> **BRIEF**:
Reproduce exactly the lines of this material that begin at the line with "12:00 horas. Santilla" and end at the line with "Betenbender 4-500 4'", both included. Omit the pictures and everything else.

=-=-=

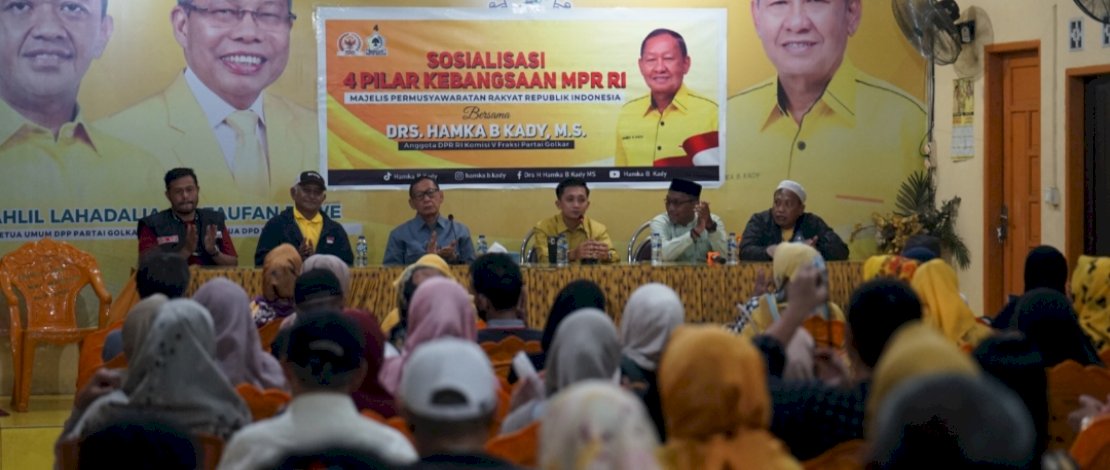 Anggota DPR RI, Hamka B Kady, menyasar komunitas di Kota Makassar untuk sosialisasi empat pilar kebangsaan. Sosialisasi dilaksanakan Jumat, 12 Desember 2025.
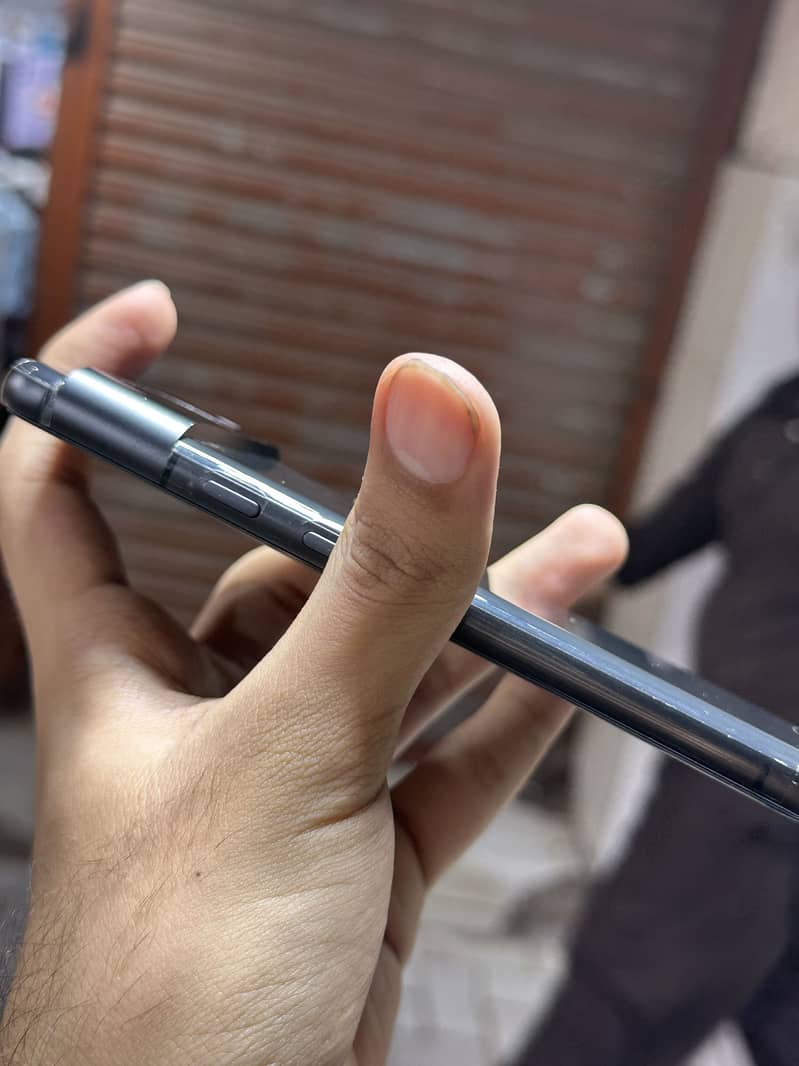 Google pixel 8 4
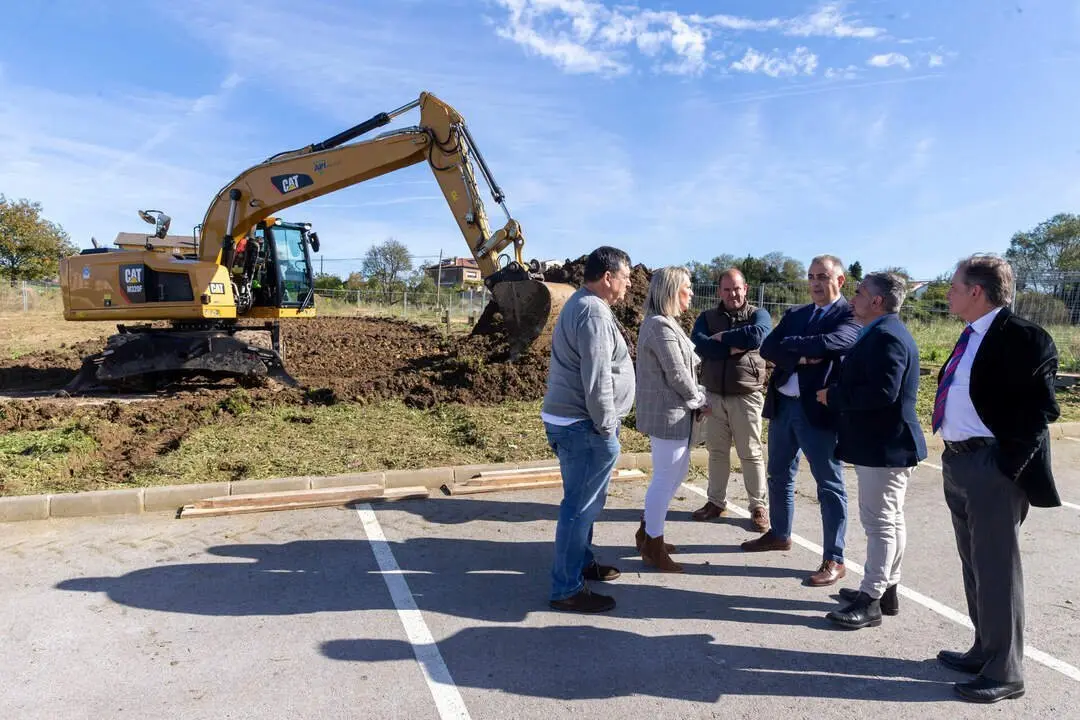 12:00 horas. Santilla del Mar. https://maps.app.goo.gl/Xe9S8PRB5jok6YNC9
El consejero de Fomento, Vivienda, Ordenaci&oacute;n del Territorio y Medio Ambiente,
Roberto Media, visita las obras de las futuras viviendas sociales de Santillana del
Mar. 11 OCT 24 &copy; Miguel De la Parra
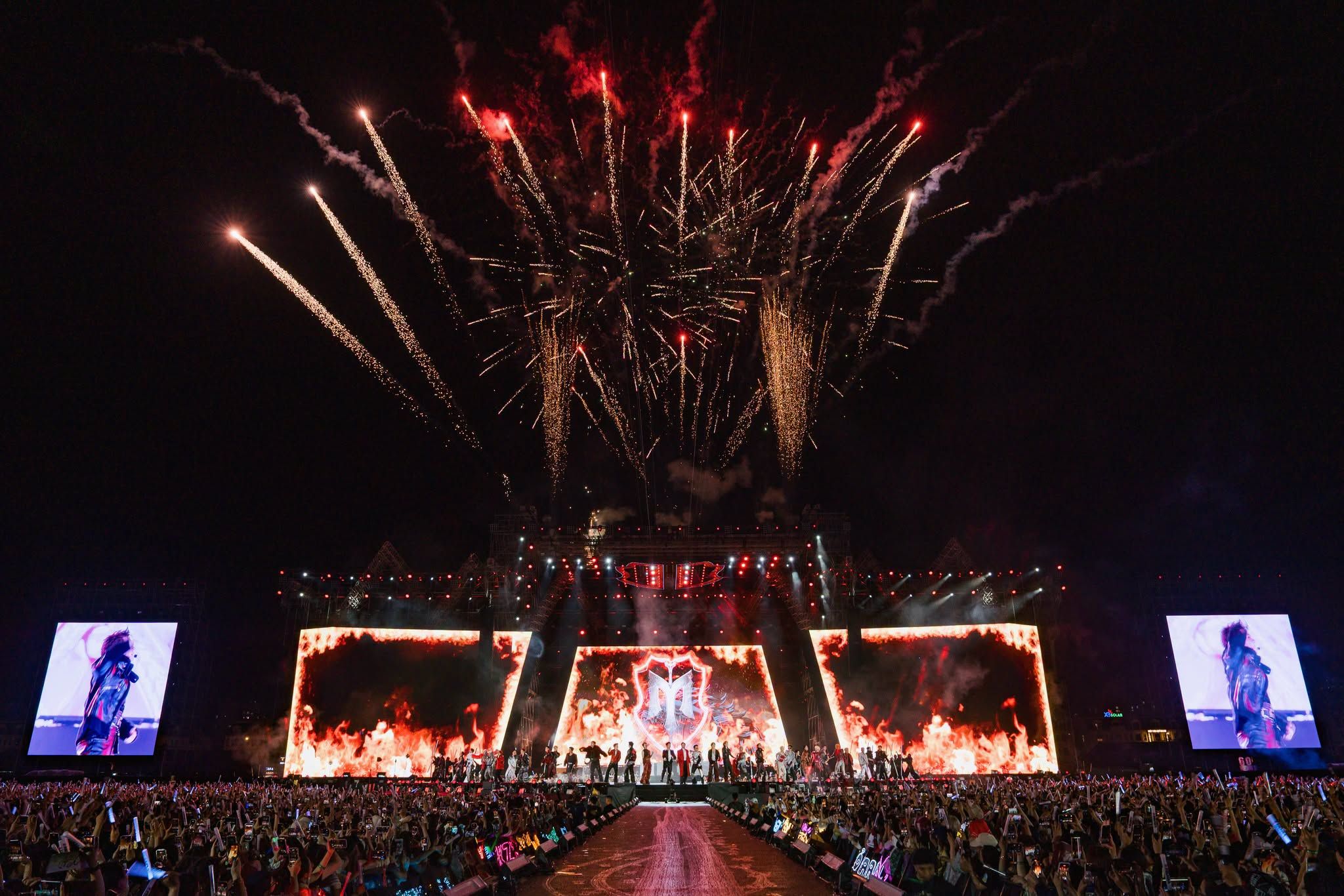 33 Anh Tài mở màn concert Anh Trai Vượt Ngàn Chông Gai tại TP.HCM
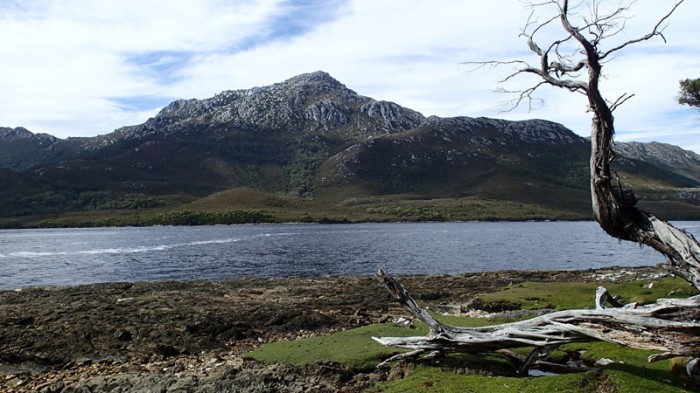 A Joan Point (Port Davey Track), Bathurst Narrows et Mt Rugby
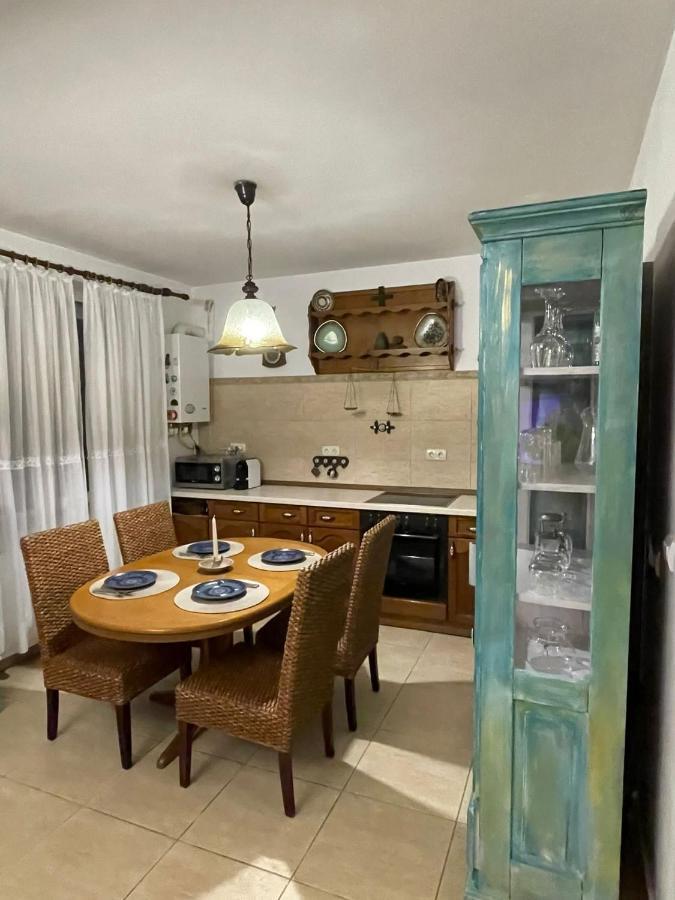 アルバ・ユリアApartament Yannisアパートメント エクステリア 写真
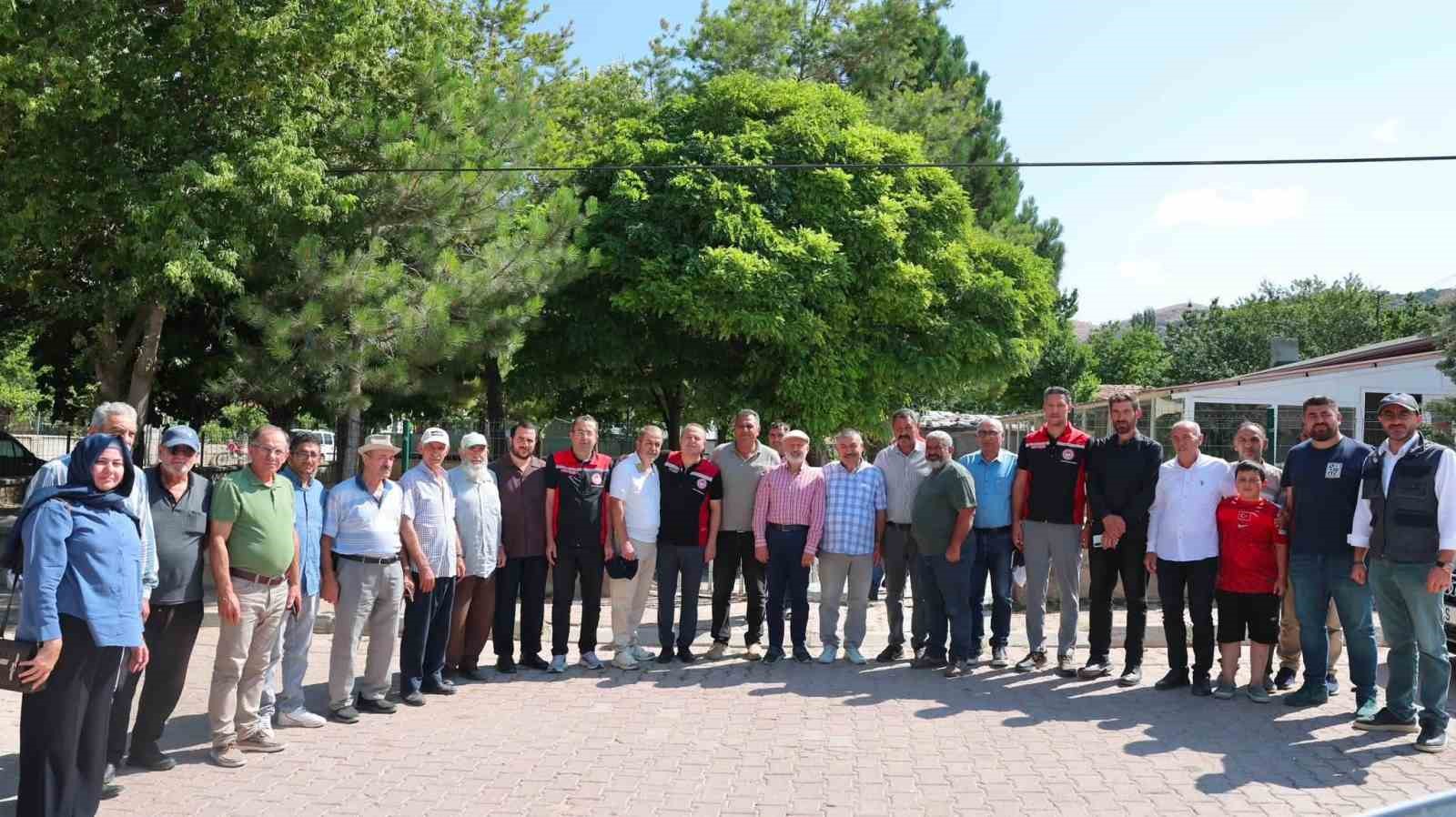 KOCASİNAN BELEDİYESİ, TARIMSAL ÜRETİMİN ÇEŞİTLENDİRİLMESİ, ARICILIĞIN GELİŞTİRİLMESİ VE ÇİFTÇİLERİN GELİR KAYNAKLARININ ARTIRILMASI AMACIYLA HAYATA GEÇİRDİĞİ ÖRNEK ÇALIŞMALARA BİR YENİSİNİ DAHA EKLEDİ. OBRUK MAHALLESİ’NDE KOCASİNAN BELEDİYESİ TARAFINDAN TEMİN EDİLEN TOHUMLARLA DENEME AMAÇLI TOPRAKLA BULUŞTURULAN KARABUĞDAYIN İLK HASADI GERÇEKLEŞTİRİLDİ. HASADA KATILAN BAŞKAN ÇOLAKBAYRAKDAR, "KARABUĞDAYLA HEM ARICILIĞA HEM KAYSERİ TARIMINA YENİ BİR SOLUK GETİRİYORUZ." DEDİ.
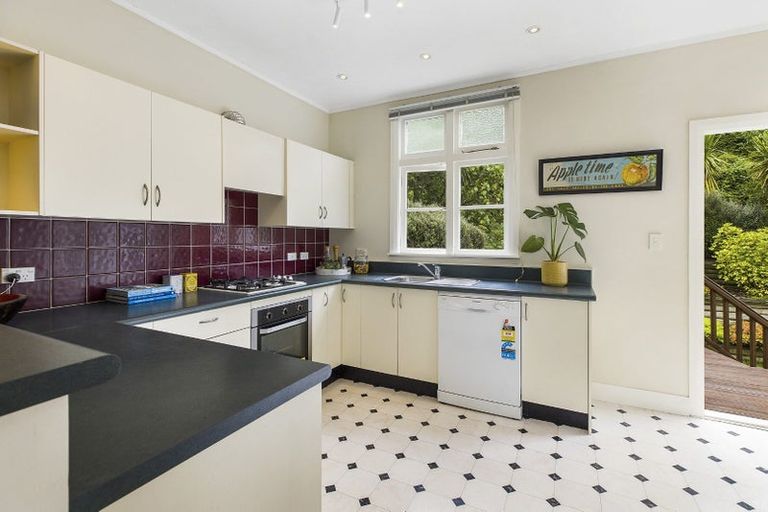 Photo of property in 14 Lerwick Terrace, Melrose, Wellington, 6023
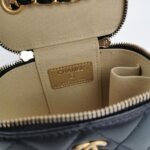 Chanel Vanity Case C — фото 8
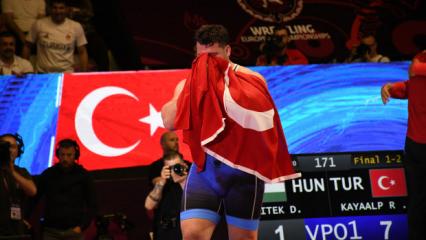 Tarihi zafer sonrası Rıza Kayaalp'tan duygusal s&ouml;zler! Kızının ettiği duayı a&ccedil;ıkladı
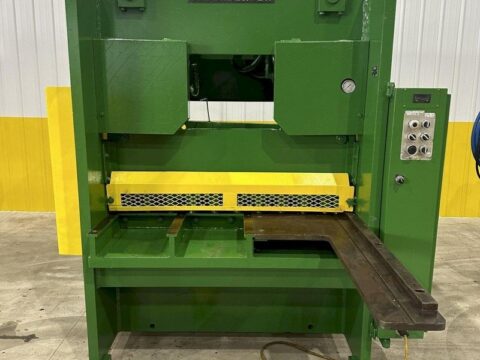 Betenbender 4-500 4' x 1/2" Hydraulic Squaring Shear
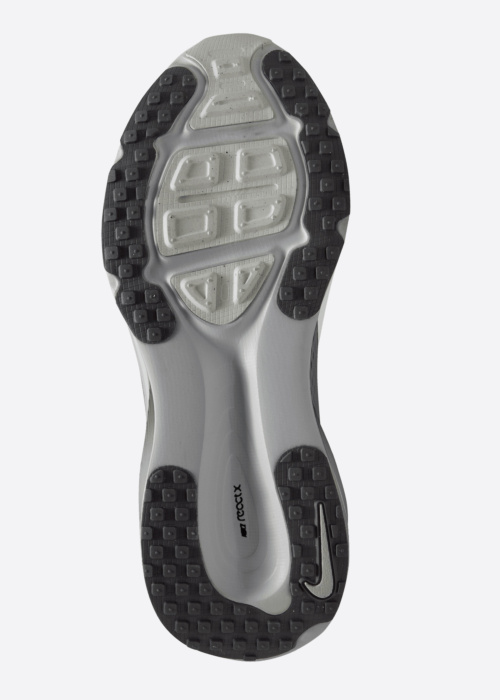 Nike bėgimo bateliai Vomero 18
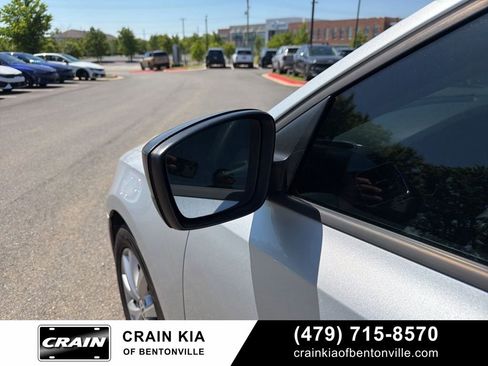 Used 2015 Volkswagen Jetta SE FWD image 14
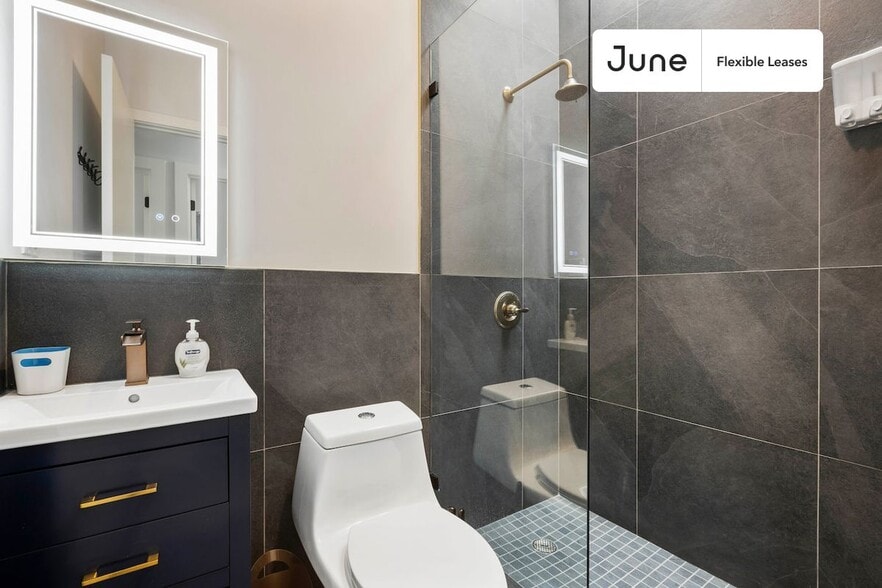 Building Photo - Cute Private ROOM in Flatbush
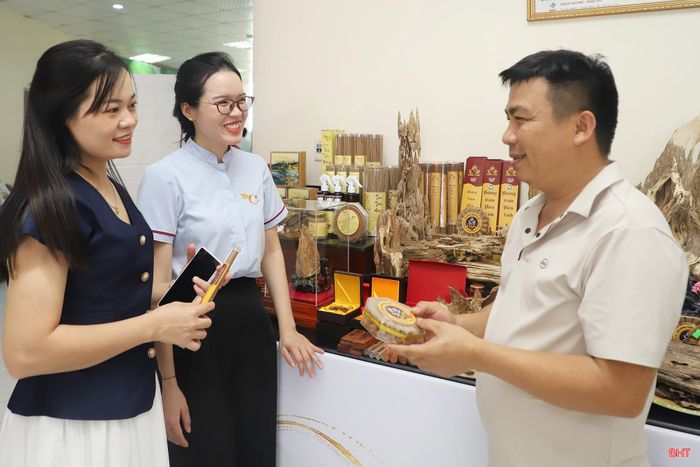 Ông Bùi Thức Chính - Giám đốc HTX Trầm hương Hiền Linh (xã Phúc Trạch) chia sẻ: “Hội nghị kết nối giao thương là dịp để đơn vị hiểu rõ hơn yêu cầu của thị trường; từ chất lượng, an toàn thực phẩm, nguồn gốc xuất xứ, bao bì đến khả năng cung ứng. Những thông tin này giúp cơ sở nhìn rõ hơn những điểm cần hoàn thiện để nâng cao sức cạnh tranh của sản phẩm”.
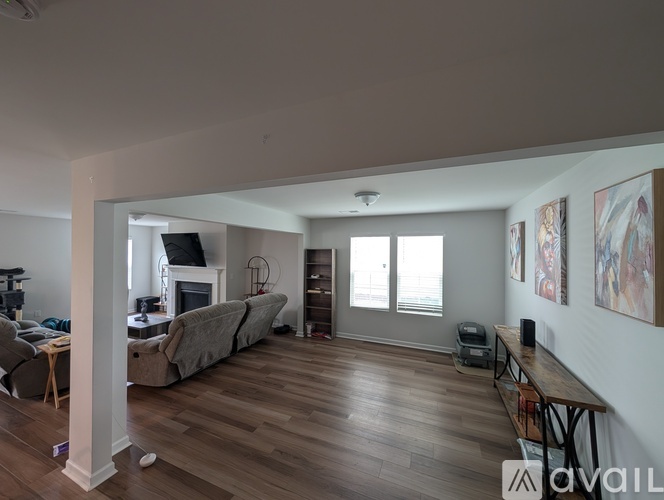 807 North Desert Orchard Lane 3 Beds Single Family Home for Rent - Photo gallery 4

=-=-=

> **RESULT**:
 12:00 horas. Santilla del Mar. https://maps.app.goo.gl/Xe9S8PRB5jok6YNC9
El consejero de Fomento, Vivienda, Ordenaci&oacute;n del Territorio y Medio Ambiente,
Roberto Media, visita las obras de las futuras viviendas sociales de Santillana del
Mar. 11 OCT 24 &copy; Miguel De la Parra
 33 Anh Tài mở màn concert Anh Trai Vượt Ngàn Chông Gai tại TP.HCM
 A Joan Point (Port Davey Track), Bathurst Narrows et Mt Rugby
 アルバ・ユリアApartament Yannisアパートメント エクステリア 写真
 KOCASİNAN BELEDİYESİ, TARIMSAL ÜRETİMİN ÇEŞİTLENDİRİLMESİ, ARICILIĞIN GELİŞTİRİLMESİ VE ÇİFTÇİLERİN GELİR KAYNAKLARININ ARTIRILMASI AMACIYLA HAYATA GEÇİRDİĞİ ÖRNEK ÇALIŞMALARA BİR YENİSİNİ DAHA EKLEDİ. OBRUK MAHALLESİ’NDE KOCASİNAN BELEDİYESİ TARAFINDAN TEMİN EDİLEN TOHUMLARLA DENEME AMAÇLI TOPRAKLA BULUŞTURULAN KARABUĞDAYIN İLK HASADI GERÇEKLEŞTİRİLDİ. HASADA KATILAN BAŞKAN ÇOLAKBAYRAKDAR, "KARABUĞDAYLA HEM ARICILIĞA HEM KAYSERİ TARIMINA YENİ BİR SOLUK GETİRİYORUZ." DEDİ.
 Photo of property in 14 Lerwick Terrace, Melrose, Wellington, 6023
 Chanel Vanity Case C — фото 8
 Tarihi zafer sonrası Rıza Kayaalp'tan duygusal s&ouml;zler! Kızının ettiği duayı a&ccedil;ıkladı
 Betenbender 4-500 4' x 1/2" Hydraulic Squaring Shear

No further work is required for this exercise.